Одна из главных причин успеха режима заключалась не в существовании репрессивного аппарата, контролировавшего культуру, а в той степени, в которой подавляющее большинство граждан, вовлеченных в разнообразные формы культурной деятельности, участвовали, добровольно или нет, в поддержке новой художественной реальности, и в готовности слушателей и зрителей потворствовать им в этом. В 1938 году Палате литературы рейха предстояло просмотреть не менее 3000 рукописей пьес; национальный музыкальный фестиваль в 1939 году собрал 1121 композицию, включая 36 опер, 631 симфонию154. Популярная народная культура, так же как и народное правосудие, не была просто изобретением системы.
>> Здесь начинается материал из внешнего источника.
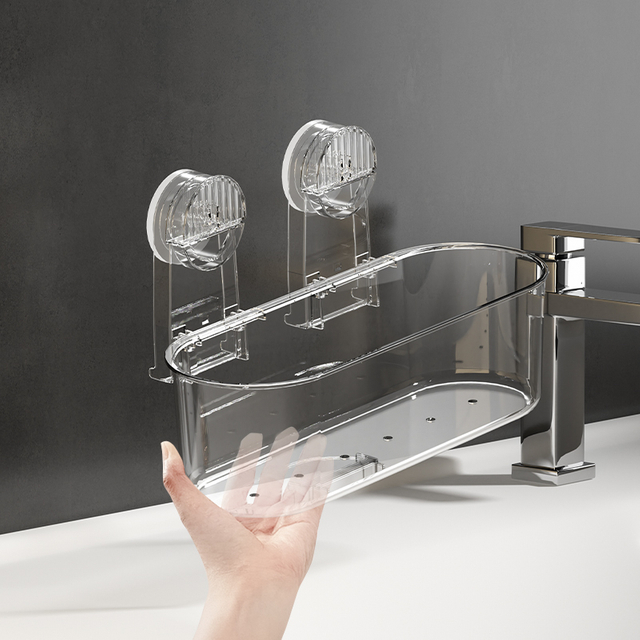 Acrylic strong suction cup injection molding bathroom supplies, miscellaneous use, detachable suspension, drying, drainage shower rack, storage rack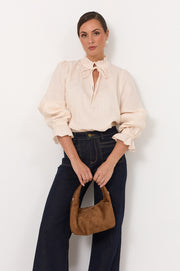 Luca Mini Faux Suede Bag (Tan)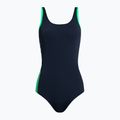 Speedo Boom Logo Splice Muscleback women's one-piece swimsuit navy blue-green 68-12900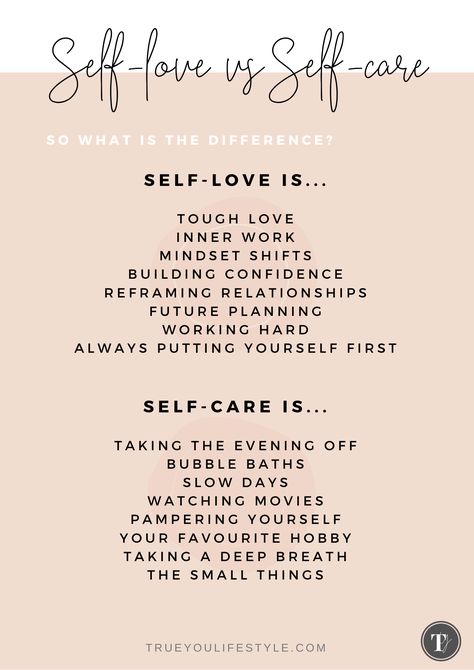 Some people get self-care and self-love mixed up. I get it, it’s all about being focused on putting yourself first. But they are two completely different things that should be approached in different ways. Here is the difference between self-love and self-care. Gratitude, Happiness, Mental Health, Inspiration, People, Love, Motivation, Self Improvement Tips, Self Help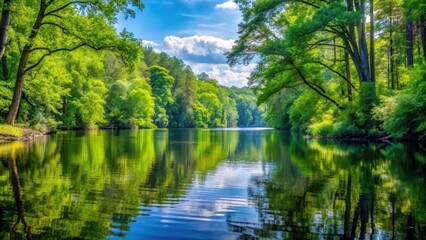 Water's edge surrounded by tall trees and dense foliage, calm, greenery,  calm, greenery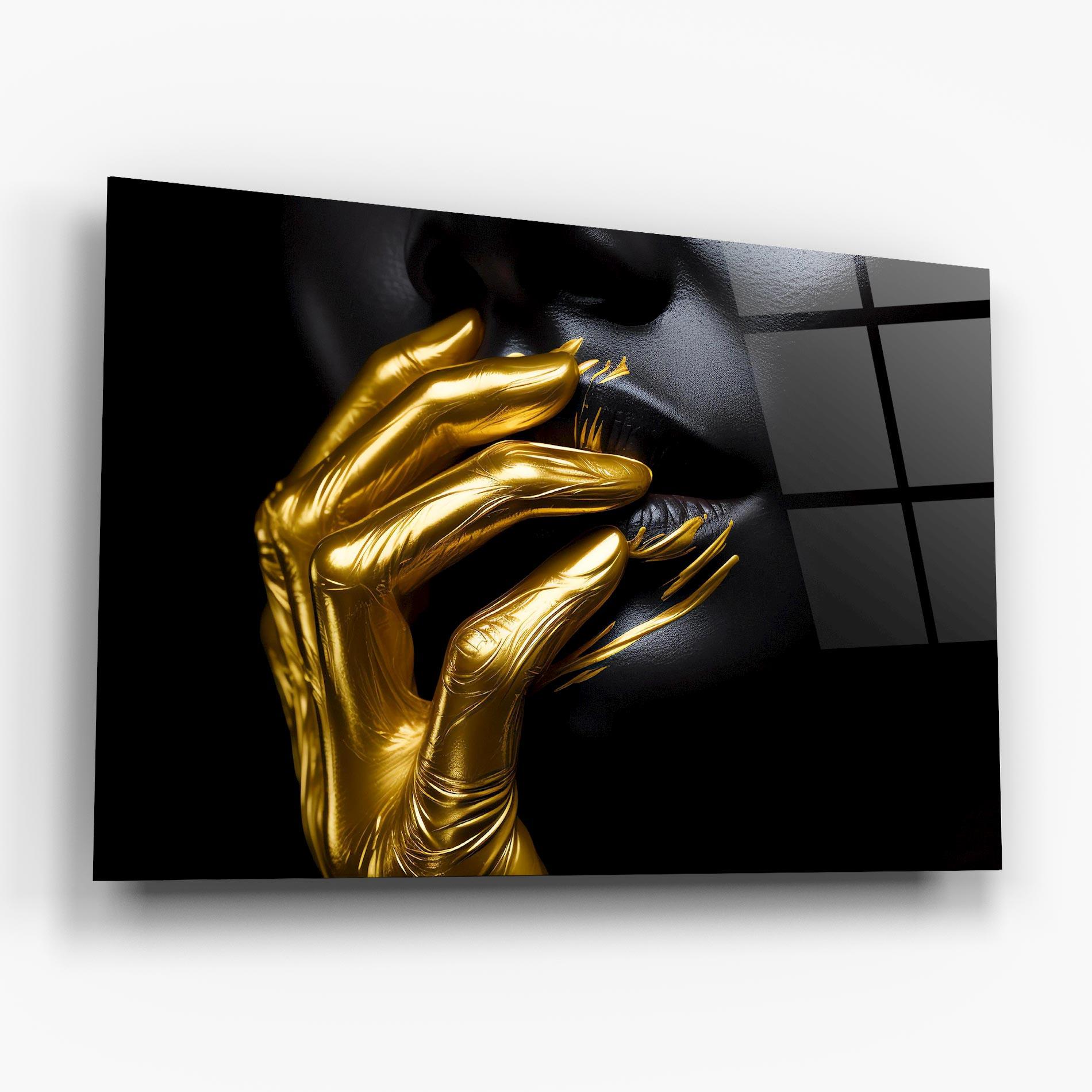 Üvegkép Gold Small Hand mockup 6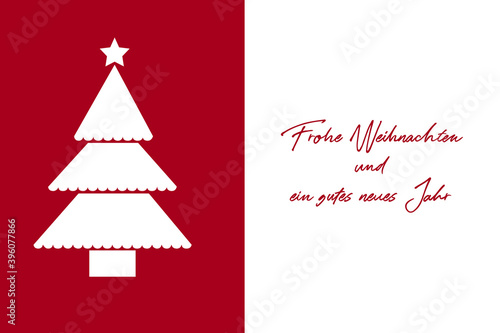 Frohe Weihnachten und ein gutes neues Jahr als Grußkarte in weiss und rot oder Banner für Webseite oder Präsentation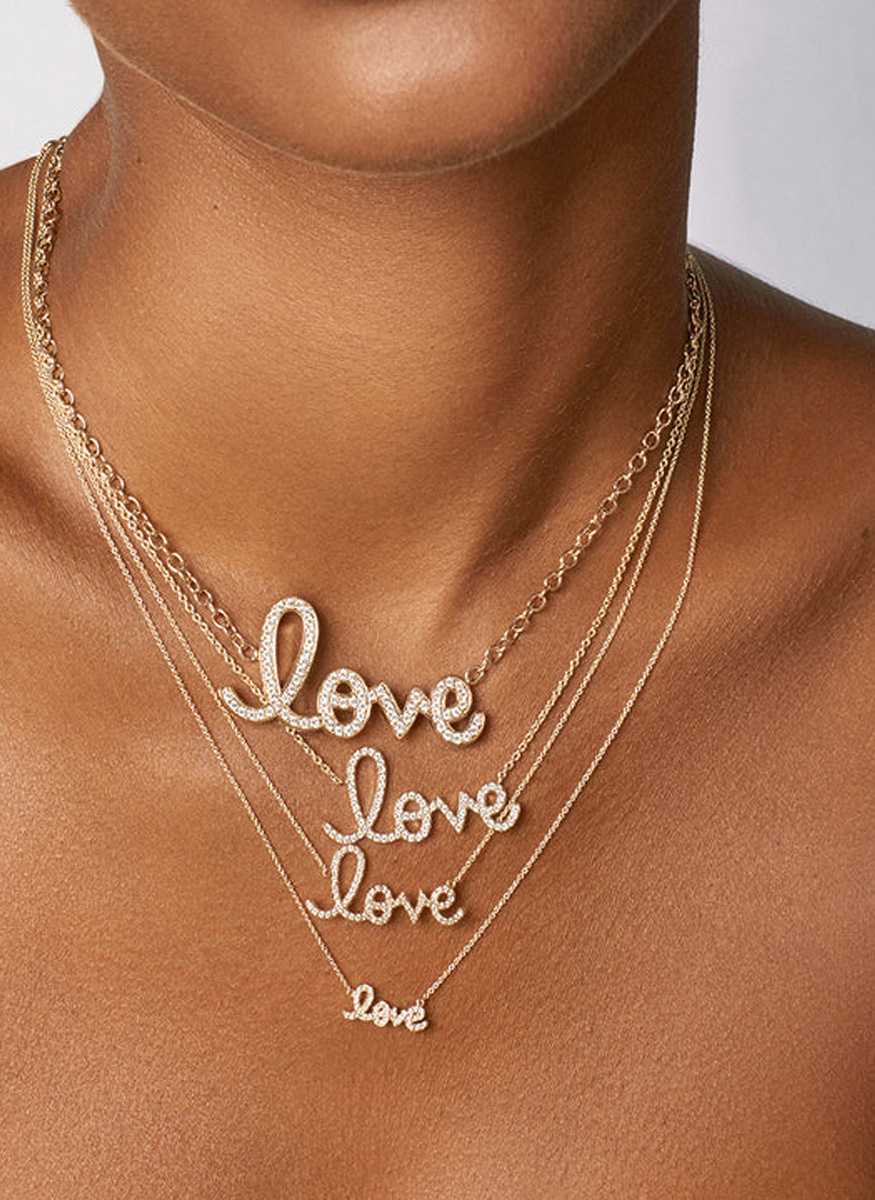 Gold & Diamond Large Love Necklace - Sydney Evan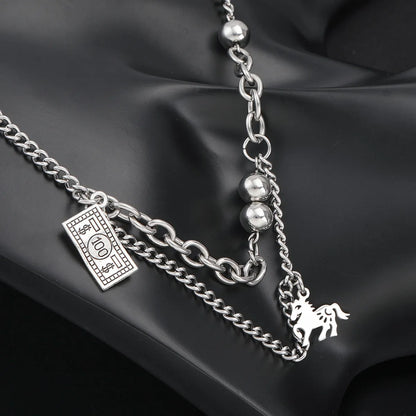 Stainless Steel Casual Hip-Hop Dollar Horse Enamel Chain Necklace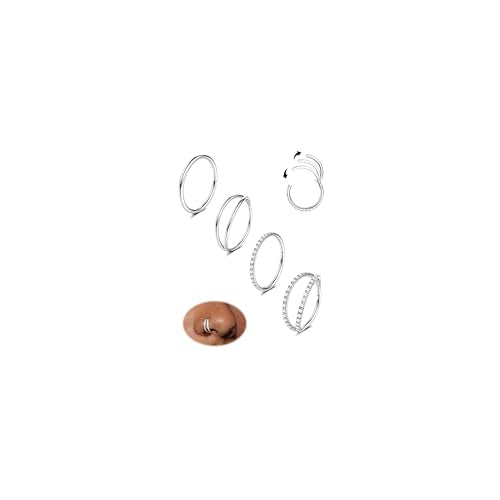 Dochais 4PCS 18G Nose Rings Hoops, Surgical Steel Earrings Tragus Septum Piercing CZ Clicker Ring, Hinged Segment Conch Lip Cartilage Double Hoops 8mm 10mm for Women Men - color: Silver, size: 18G(1.0mm),10mm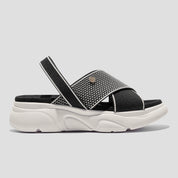 COCO MELA Black and White Knit Slingback Sandals - Criss-Cross Chunky Platform Slides for Women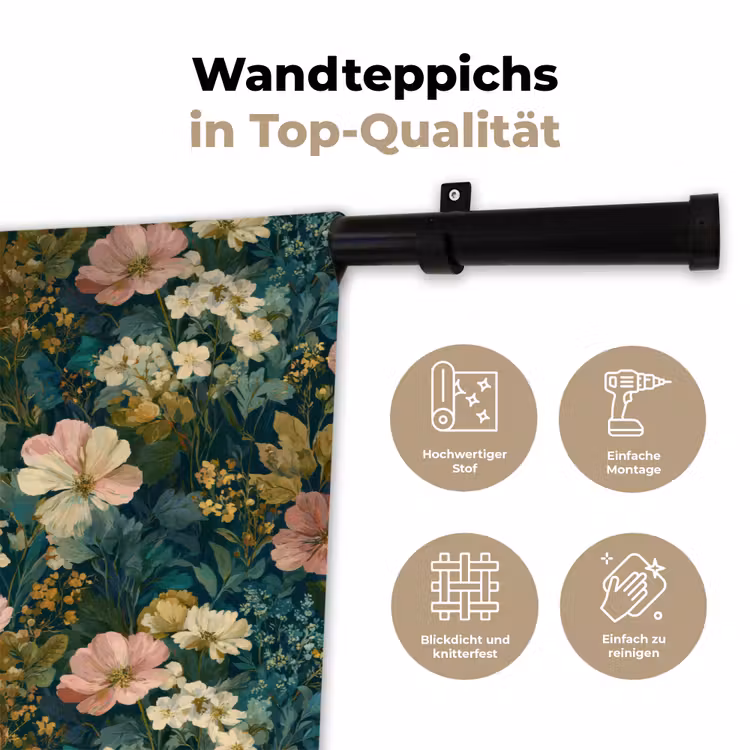 Wilde bloemen - Botanisch - Patroon - Roze - Romantisch Wandkleed katoen klein 269 -tsfeer2_DE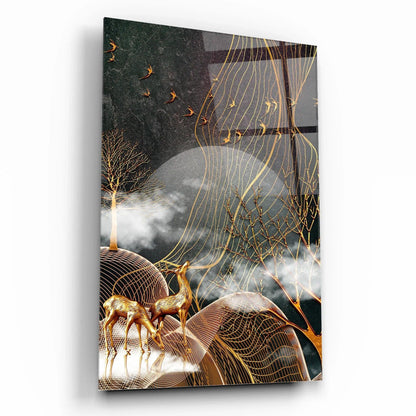 Golden Deers Glass Wall Art - LUXARTDECO
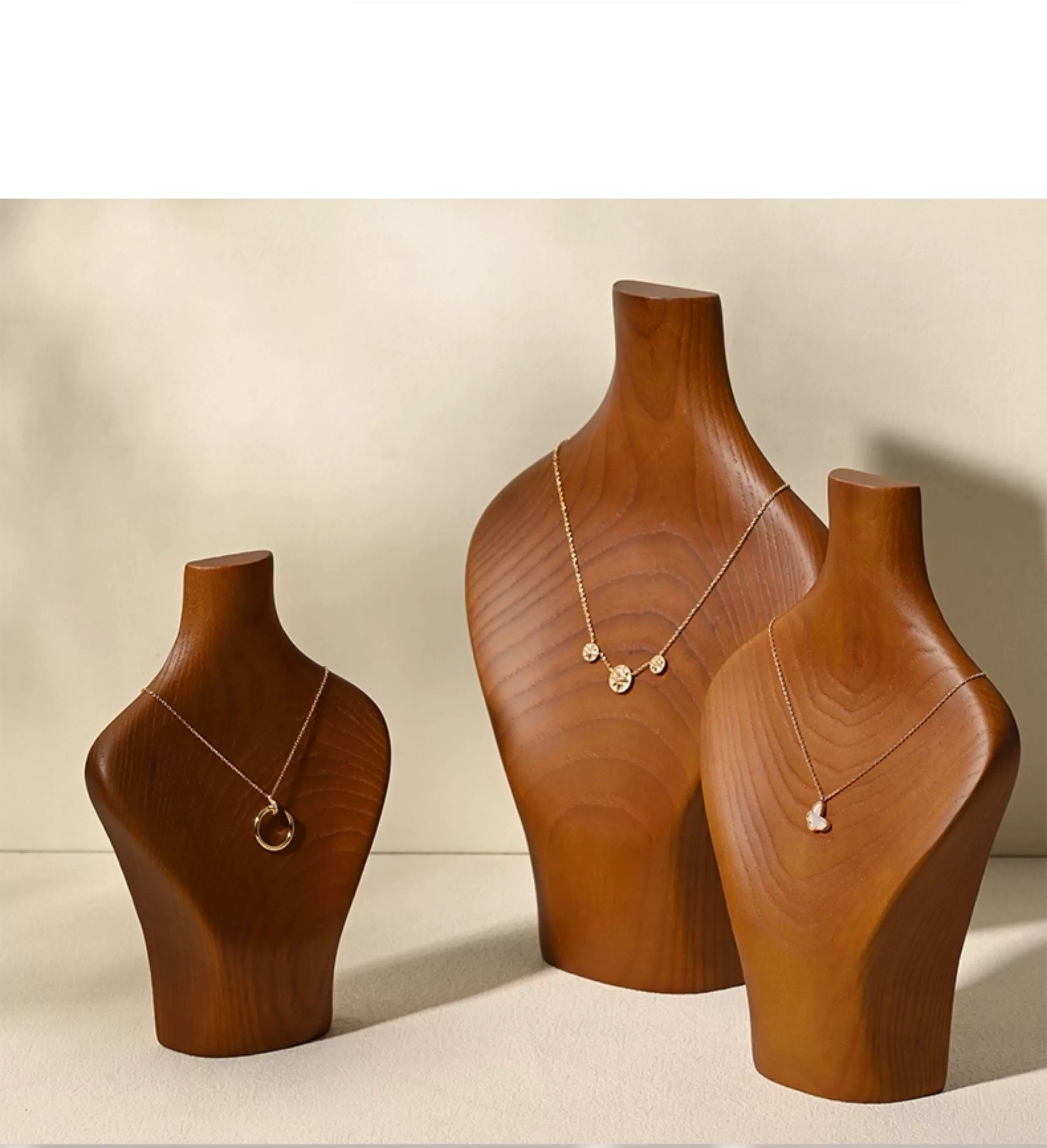 Elegant Solid Wood Jewelry Bust Stand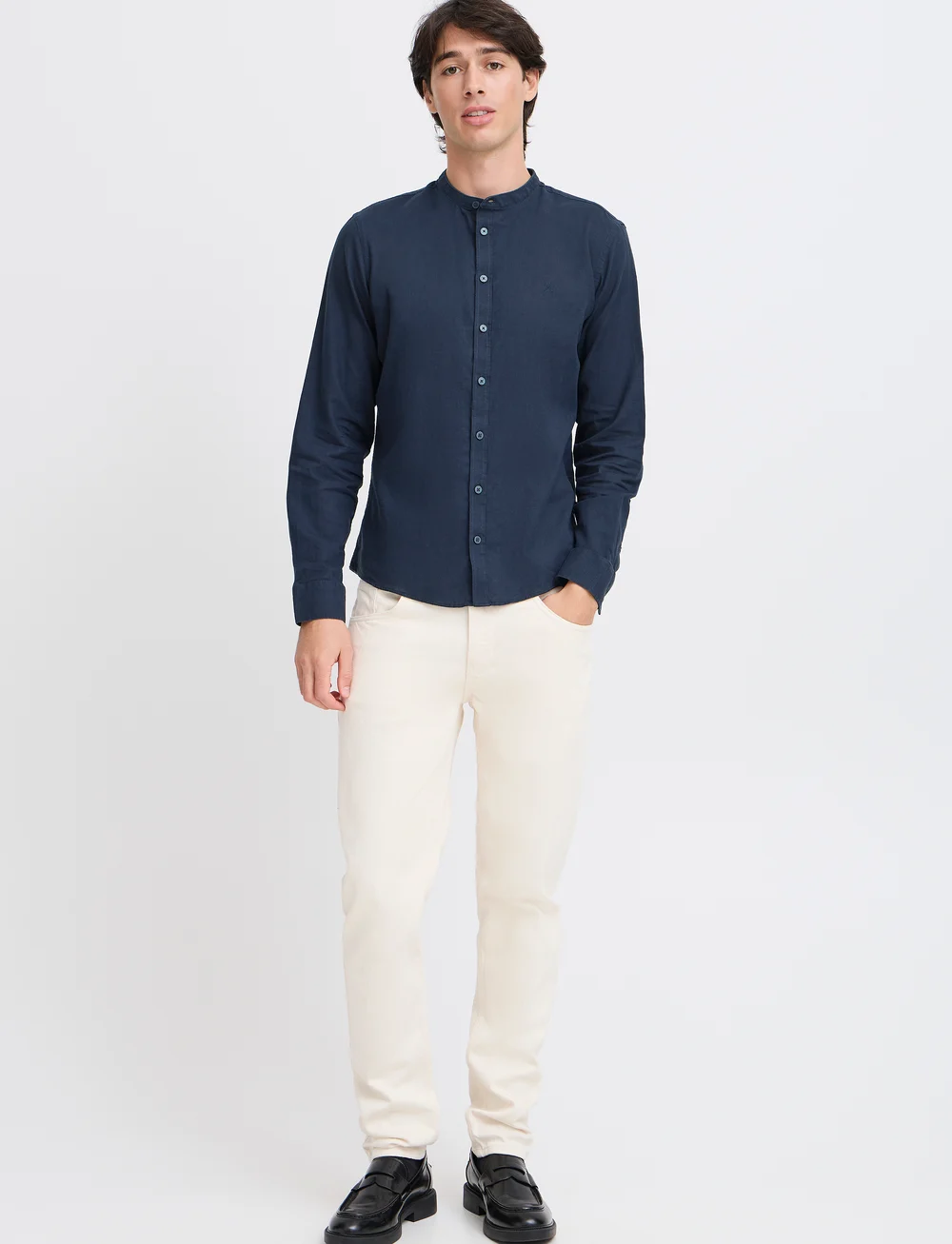 Casual Friday - CFANTON 0053 CC LS linen mix shirt - linneskjortor - dark navy - 0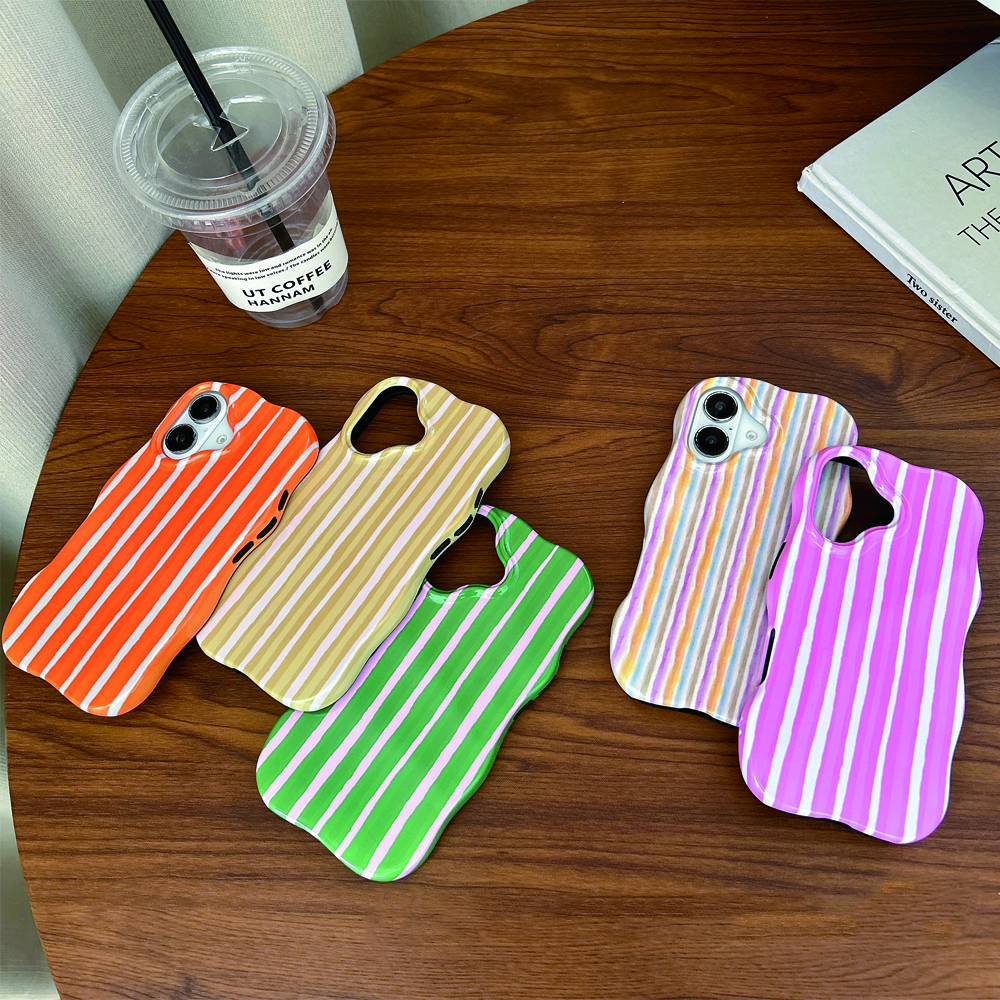 2 in 1 Glossy Stripes Phone Case for iPhone 13 14 15 16 Pro Max Wave Edges Comfortable Touch Hard Slim Back Cover Shell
Не оказалось официальное покровительство безрезультатным и в деле создания нового искусства, получившего одобрение, так же как и в формировании уже одобренного искусства. И хотя жанры, разрешенные в каждой из диктатур, были узкими, общая масса пьес, фильмов и книг принимались зрителями и читателями как их собственная культура и во многих случаях пользовались широкой популярностью. Социалистический реализм в Советском Союзе мог восприниматься как некая форма эскапизма, точно так же как это происходило с голливудскими фильмами 1930-х годов, которые предлагали обнищавшим американцам взглянуть на прообраз яркого потребительского будущего. Советская культура, заявлял Сталин в 1951 году, есть «искусство нового мира, смело смотрящего в будущее»155. Национал-реализм в гитлеровской Германии был во многих отношениях более смелым, делая упор на историческое великолепие, самопожертвование и имманентность героической смерти, однако сентиментальные сюжеты и образность вызывали здесь более широкий резонанс, так как национал-социалистическая культура отражала куда более разнообразные ценности и более широкие интересы важнейших слоев населения страны. Все это означает, что, каким бы утопическим новое искусство ни было, его корни лежали в природе того общества, в котором это искусство развивалось.